Durante el estudio se evaluó cómo incidían la anemia y los niveles de hemoglobina sobre la muerte. Tras el análisis los investigadores descubrieron que los niveles altos de hemoglobina incrementaban el riesgo de muerte en los pacientes mayores que habían sufrido un ictus, especialmente durante el primer mes tras el accidente cerebro vascular.

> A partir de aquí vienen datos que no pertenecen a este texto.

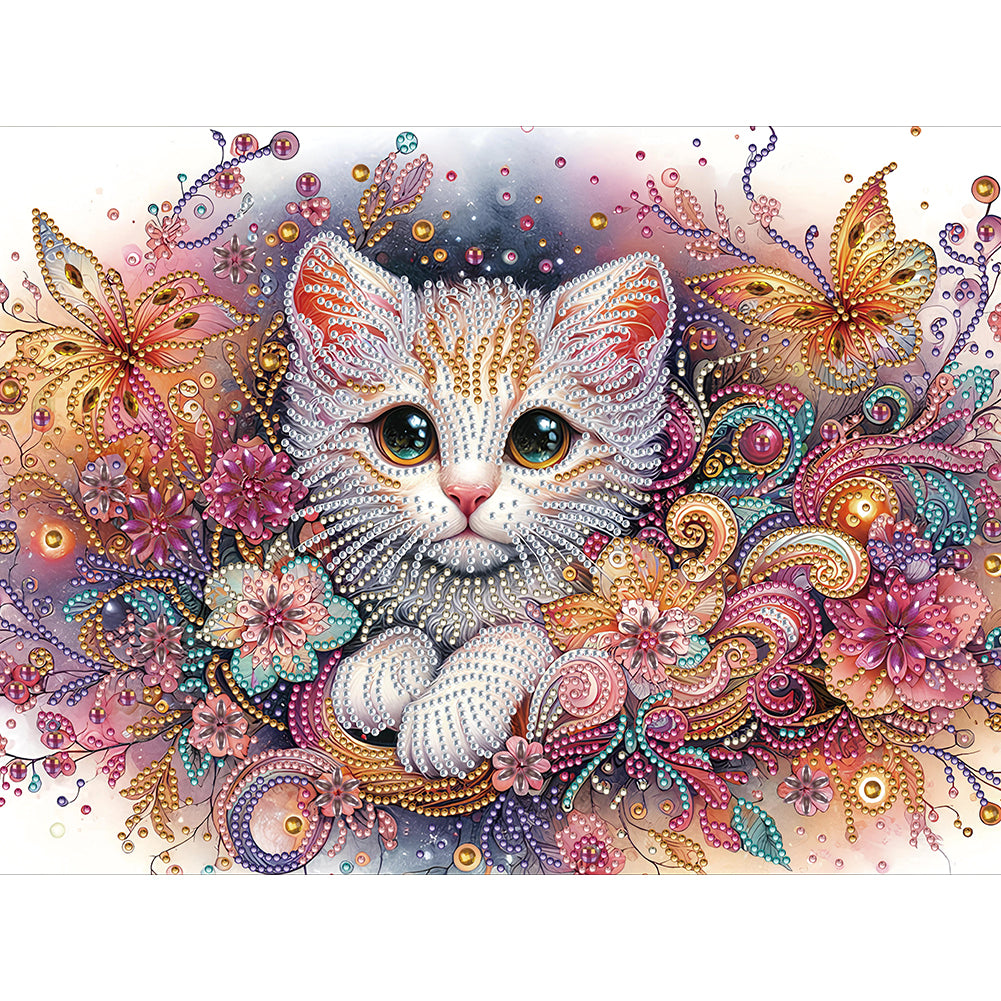 Cat - Special Shaped Drill Diamond Painting 40*30CM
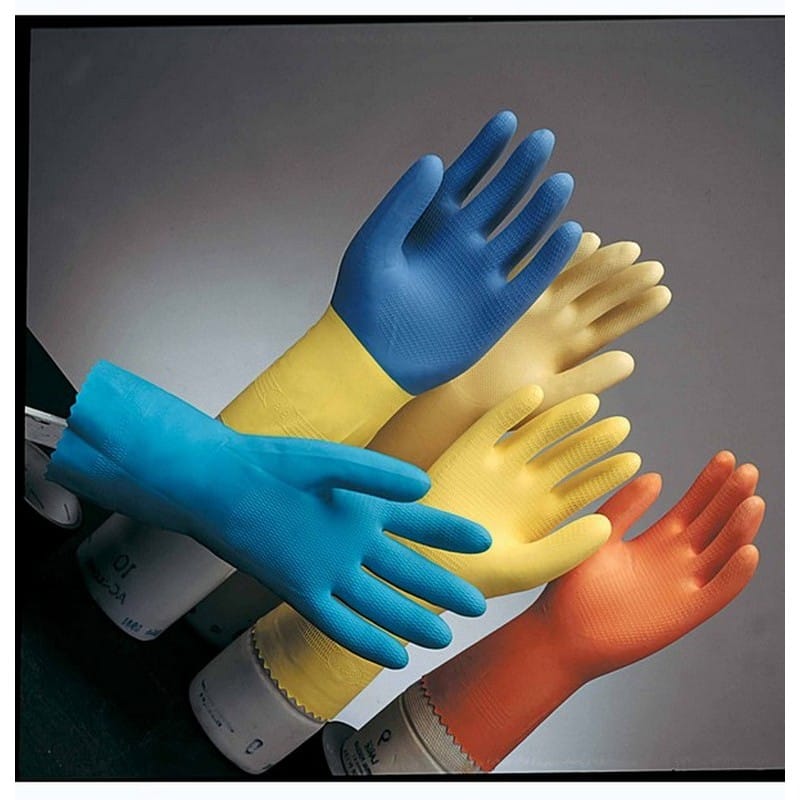Large, 18 Mil Yellow Flock Lined Latex Gloves (1 Dozen) - Image 3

Tal y como ha explicado Phyo Myint, autor principal del estudio, el riesgo de muerte tras un ictus se duplica en las personas con anemia en relación con aquellos pacientes que no la padecen. Asimismo, el riesgo de muerte por accidente cerebrovascular hemorrágico es 1,5 veces más alto entre las personas mayores con anemia.

Además de analizar los datos referentes a estos 8.013 pacientes, los responsables del estudio revisaron la literatura científica publicada hasta la fecha y se sirvieron de 20 estudios previos para llevar a cabo su investigación. Tras los resultados, los investigadores inciden en la necesidad de promover una mayor concienciación e impulsar intervenciones en pacientes que sufran un ictus y además presenten anemia para poder identificarles de forma temprana y optimizar la gestión.